» EXERCISE AIM: Write the full listing out again, keeping every line exactly as it is.

+-------+

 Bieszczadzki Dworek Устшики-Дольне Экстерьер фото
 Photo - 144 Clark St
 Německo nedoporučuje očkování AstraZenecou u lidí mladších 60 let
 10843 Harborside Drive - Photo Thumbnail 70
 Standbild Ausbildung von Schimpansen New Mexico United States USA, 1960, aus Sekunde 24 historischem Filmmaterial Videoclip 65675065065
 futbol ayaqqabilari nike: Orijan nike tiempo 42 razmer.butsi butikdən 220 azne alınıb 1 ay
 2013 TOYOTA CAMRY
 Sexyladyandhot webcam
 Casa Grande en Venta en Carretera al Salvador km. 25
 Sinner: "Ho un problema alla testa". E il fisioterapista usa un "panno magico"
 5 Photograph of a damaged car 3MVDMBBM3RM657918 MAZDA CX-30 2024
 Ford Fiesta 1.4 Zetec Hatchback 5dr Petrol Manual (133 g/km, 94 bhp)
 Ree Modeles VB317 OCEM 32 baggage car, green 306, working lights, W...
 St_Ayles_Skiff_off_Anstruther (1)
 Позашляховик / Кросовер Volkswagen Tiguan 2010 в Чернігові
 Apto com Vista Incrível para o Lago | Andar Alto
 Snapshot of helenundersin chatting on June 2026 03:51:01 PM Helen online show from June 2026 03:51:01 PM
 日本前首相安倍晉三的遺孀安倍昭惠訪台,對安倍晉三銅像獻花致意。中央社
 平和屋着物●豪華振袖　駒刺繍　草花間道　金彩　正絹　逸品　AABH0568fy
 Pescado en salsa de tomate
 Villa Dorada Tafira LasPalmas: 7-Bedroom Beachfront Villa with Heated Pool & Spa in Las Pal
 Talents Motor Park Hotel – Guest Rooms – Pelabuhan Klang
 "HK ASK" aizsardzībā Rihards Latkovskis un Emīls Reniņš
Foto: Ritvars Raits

+-------+

» RESPONSE BELOW:
 Bieszczadzki Dworek Устшики-Дольне Экстерьер фото
 Photo - 144 Clark St
 Německo nedoporučuje očkování AstraZenecou u lidí mladších 60 let
 10843 Harborside Drive - Photo Thumbnail 70
 Standbild Ausbildung von Schimpansen New Mexico United States USA, 1960, aus Sekunde 24 historischem Filmmaterial Videoclip 65675065065
 futbol ayaqqabilari nike: Orijan nike tiempo 42 razmer.butsi butikdən 220 azne alınıb 1 ay
 2013 TOYOTA CAMRY
 Sexyladyandhot webcam
 Casa Grande en Venta en Carretera al Salvador km. 25
 Sinner: "Ho un problema alla testa". E il fisioterapista usa un "panno magico"
 5 Photograph of a damaged car 3MVDMBBM3RM657918 MAZDA CX-30 2024
 Ford Fiesta 1.4 Zetec Hatchback 5dr Petrol Manual (133 g/km, 94 bhp)
 Ree Modeles VB317 OCEM 32 baggage car, green 306, working lights, W...
 St_Ayles_Skiff_off_Anstruther (1)
 Позашляховик / Кросовер Volkswagen Tiguan 2010 в Чернігові
 Apto com Vista Incrível para o Lago | Andar Alto
 Snapshot of helenundersin chatting on June 2026 03:51:01 PM Helen online show from June 2026 03:51:01 PM
 日本前首相安倍晉三的遺孀安倍昭惠訪台,對安倍晉三銅像獻花致意。中央社
 平和屋着物●豪華振袖　駒刺繍　草花間道　金彩　正絹　逸品　AABH0568fy
 Pescado en salsa de tomate
 Villa Dorada Tafira LasPalmas: 7-Bedroom Beachfront Villa with Heated Pool & Spa in Las Pal
 Talents Motor Park Hotel – Guest Rooms – Pelabuhan Klang
 "HK ASK" aizsardzībā Rihards Latkovskis un Emīls Reniņš
Foto: Ritvars Raits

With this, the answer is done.